### What you need to do
From the records below, print only the part that opens with the line containing "child sitting at desk writing" and closes with the line containing "Repainted brick family"; omit the pictures.

### Recorded information
■ ■ ■ ■ ■

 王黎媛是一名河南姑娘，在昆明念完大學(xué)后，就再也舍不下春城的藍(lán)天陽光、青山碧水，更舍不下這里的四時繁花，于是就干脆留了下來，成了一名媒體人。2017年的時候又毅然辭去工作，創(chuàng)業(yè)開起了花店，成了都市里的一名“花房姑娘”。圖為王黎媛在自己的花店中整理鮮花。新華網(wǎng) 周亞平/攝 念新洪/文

■ ■ ■ ■ ■

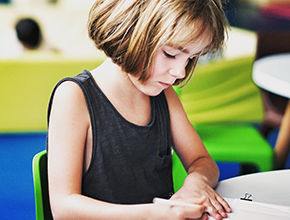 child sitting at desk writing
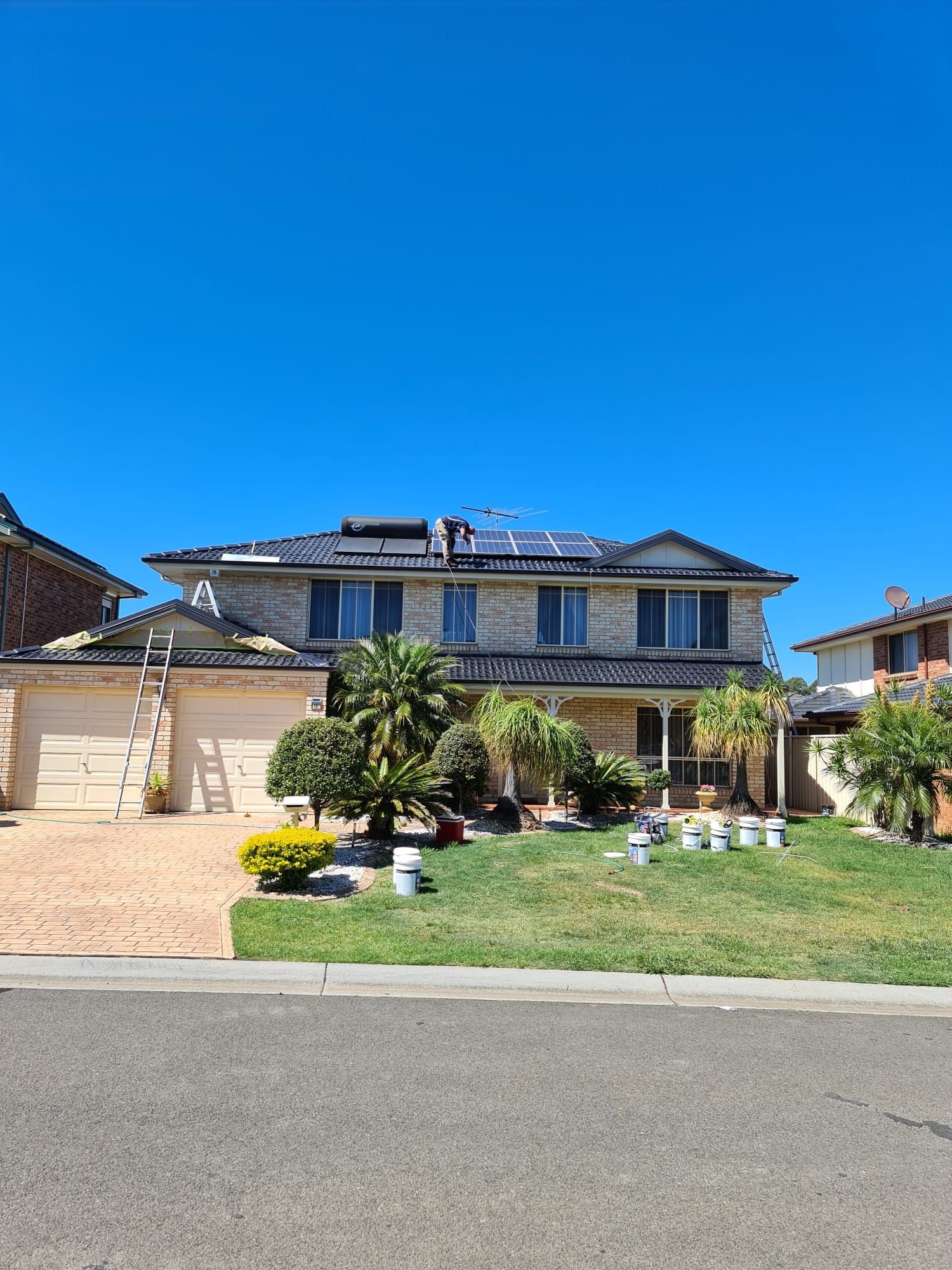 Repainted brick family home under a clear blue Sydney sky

■ ■ ■ ■ ■

### Answer section
 child sitting at desk writing
 Repainted brick family home under a clear blue Sydney sky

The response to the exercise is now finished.